From here, the film oscillates from clichéd coming-of-age style dialogue and situation to psychological horror as the girls begin to hallucinate the man's face everywhere they look. Ponsoldt is not able to mesh these tones well at all, with each jump scare telegraphed a mile away and landing with a thud. Eventually, the girls begin to doubt they ever did really find a body; their certainty fades like the summer heat. This could have worked as a metaphor for the way so many memories from childhood become fuzzy, straddling the line between reality and our own mythology.
Yet because there are so many scenes that make it clear they did indeed find this body, the metaphor collapses in on itself. One such scene is one of the most completely miscalculated scenes in a film all year. After Dina finds its location on the dark web (yes, these pre-teens can apparently surf the dark web), Daisy shoots open the storage shed where the man must have been living. No one questions why Daisy has a handgun in her backpack. The storage shed has all its lights on and a black-and-white television plays in the background. Where is the electricity coming from? Why would a houseless man leave all of these lights on? Absolutely nothing about this scene works.
Worst of all, "Summering" thinks we should be invested in these girls and their coming-of-age issues while they've left the body of a houseless individual to rot in the dirt because they don't want their mothers putting them in therapy? Because they want to go on an investigation together during the last three days of summer? The trip to see the dead body in "Stand By Me" has heft to it because they've heard it's a kid like them. They've all already endured hardships. They seek their own mortality in the body.

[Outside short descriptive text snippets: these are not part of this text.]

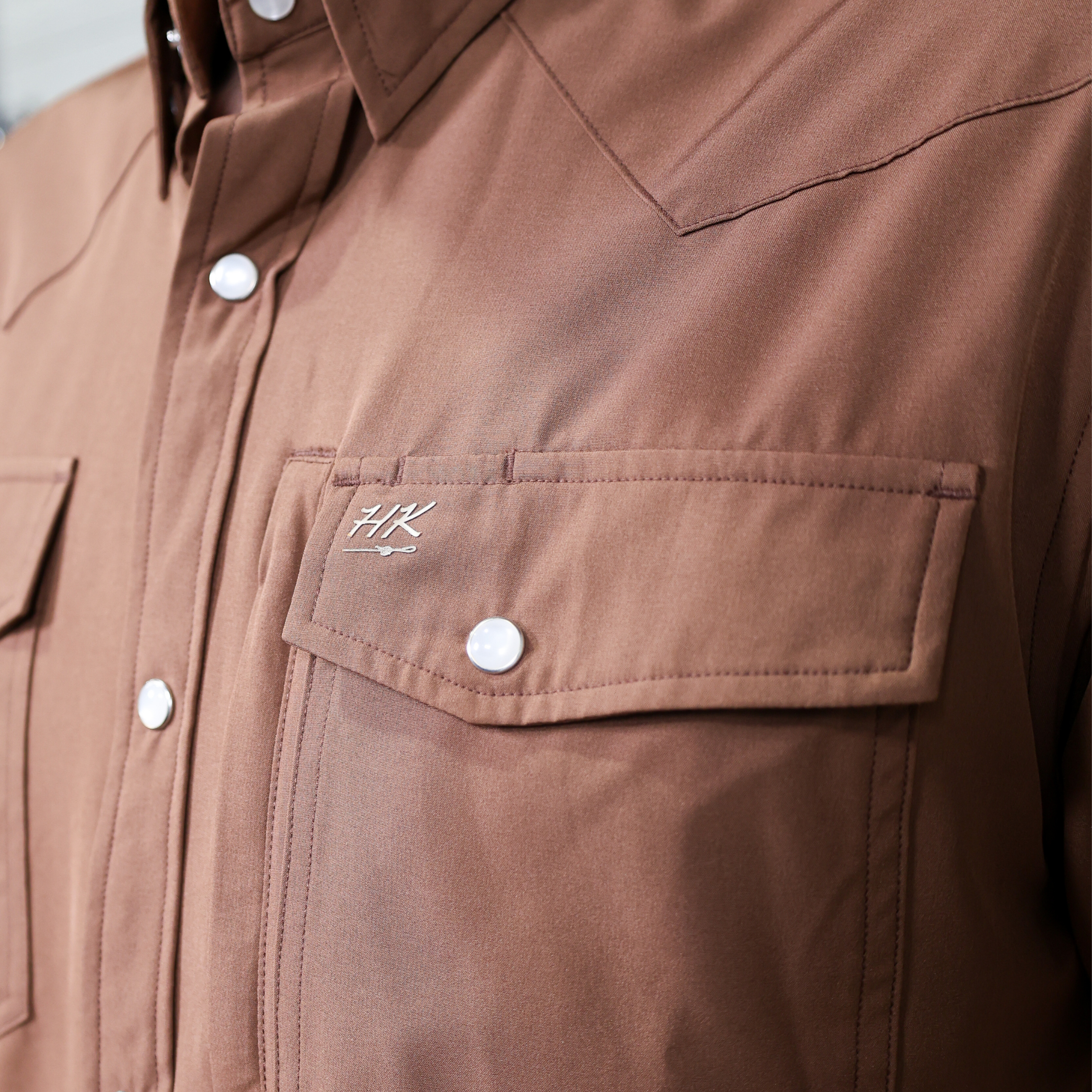 Brown shirt with a brand logo on the chest pocket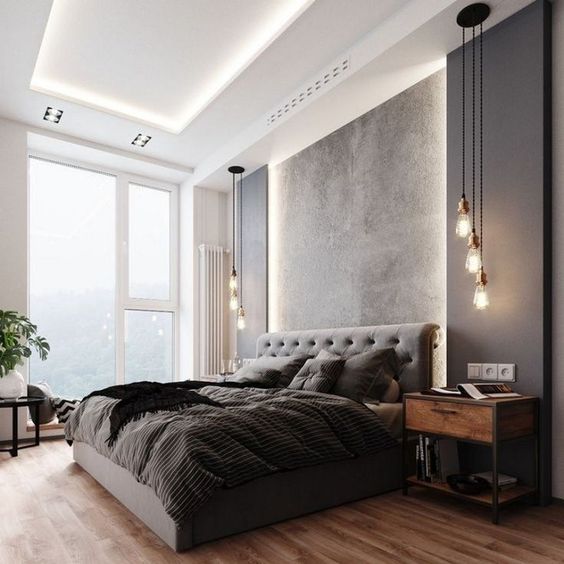 a terrific contemporary bedroom with a lit up ceiling, a grey upholstered bed, black panels on the wall, pendant lamps and a cool view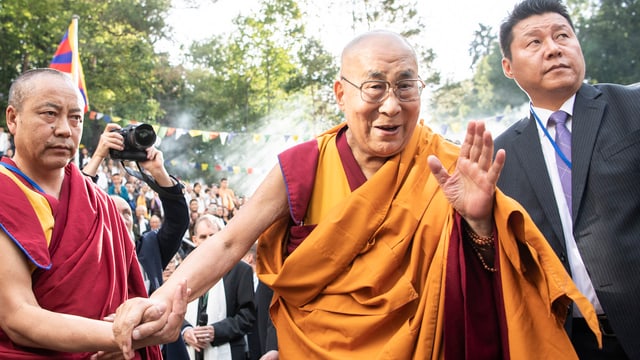 Der Dalai Lama in orangefarbenem Gewand wird begleitet von zwei Personen und winkt Menschen zu. Der Dalai Lama in orangefarbenem Gewand wird begleitet von zwei Personen und winkt Menschen zu.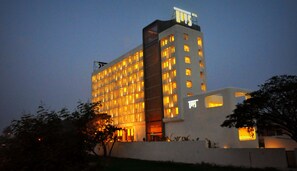 A multi-story hotel with a modern design, featuring numerous windows and a prominent sign at the top.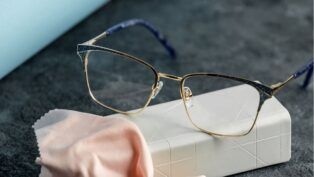 Óculos em cima de uma mesa com pano microfibra.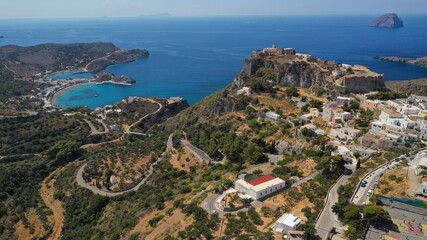Fototapeta na wymiar Aerial drone photo above iconic medieval castle and main village of Kithira island overlooking beautiful double bay and beach of Kapsali, Kythira island, Ionian, Greece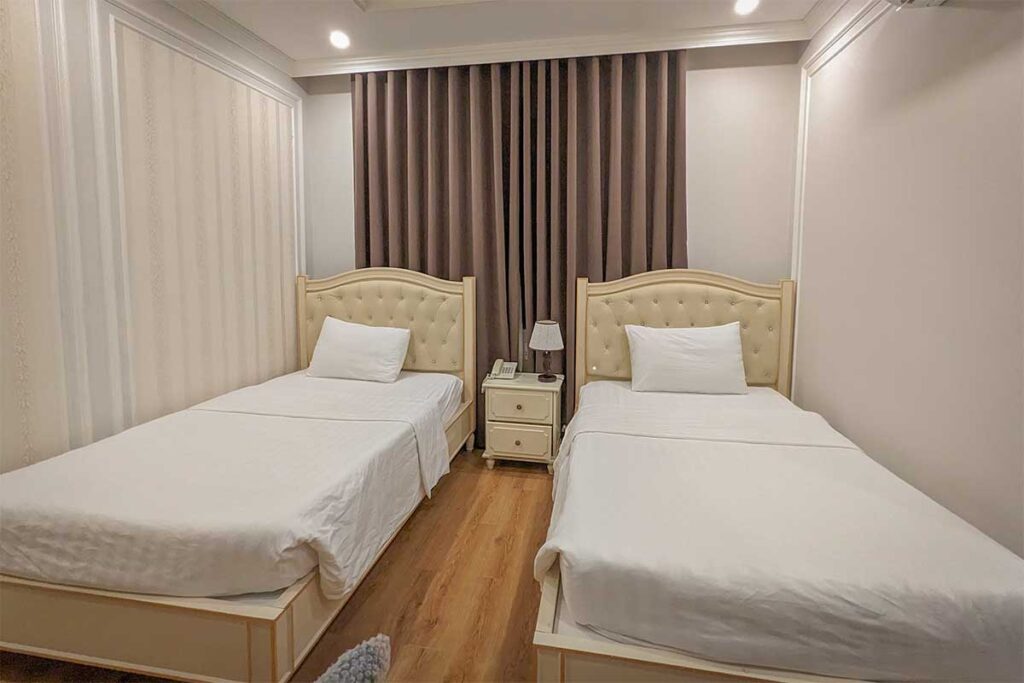 Simple twin room at Maya Hotel 2 Con Dao with basic furnishings and clean layout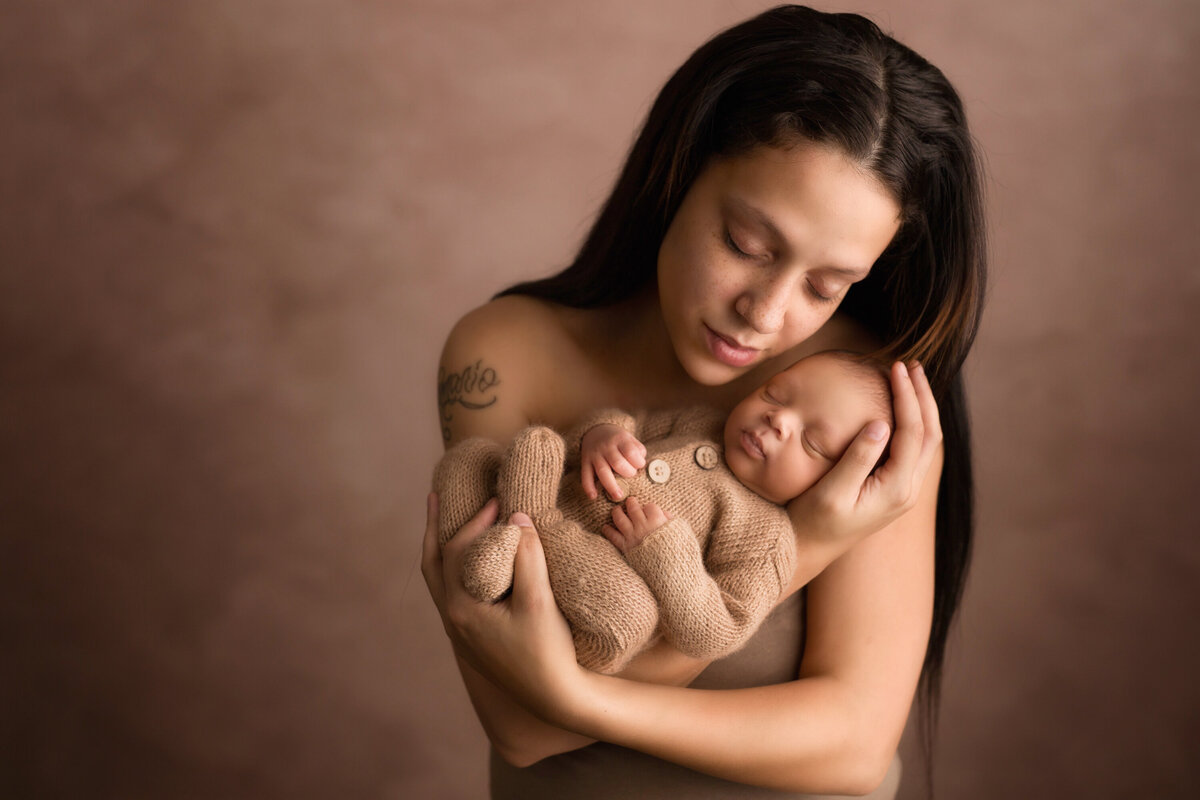 African american mom holds baby in her arms.  Mom is looking down and softly lit on a taupe background.  The baby boy is wearing a tan knit romper.  Mom has her eyes closed and is cradling baby's head in her hand.  Her other hand is holding his feet.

What do these girls see? Do they even see the humanity in this death? Children can be selfish, sure, but this selfish? It's hard to buy. At one point, we learn that Daisy's father has gone missing and no one is looking for him. Eventually we discover the truth, but only vaguely. It's handled in such a way that probably felt deep on the page, but in execution is undercooked (and overacted by Lake Bell and Dale McKeel as Daisy's parents).
As the film ends, with very little resolution and no consequences for their actions, the song "Seven" from Taylor Swift's Folklore plays. In the song, Swift sings from the point of view of a 30-year-old looking back at her inability to help her childhood best friend from parental abuse. It's a fitting needle drop in that it masks horrific details with beautiful music, just as the filmmakers mask horrific actions with beautiful cinematography. While Swift knows the story she's telling is horrifying, filtered through memory and years of guilt, there's no indication that the filmmakers of "Summering" understand just how reprehensible their narrative is. The nostalgia of Ponsoldt's film is curdled and rotten underneath its summery sheen.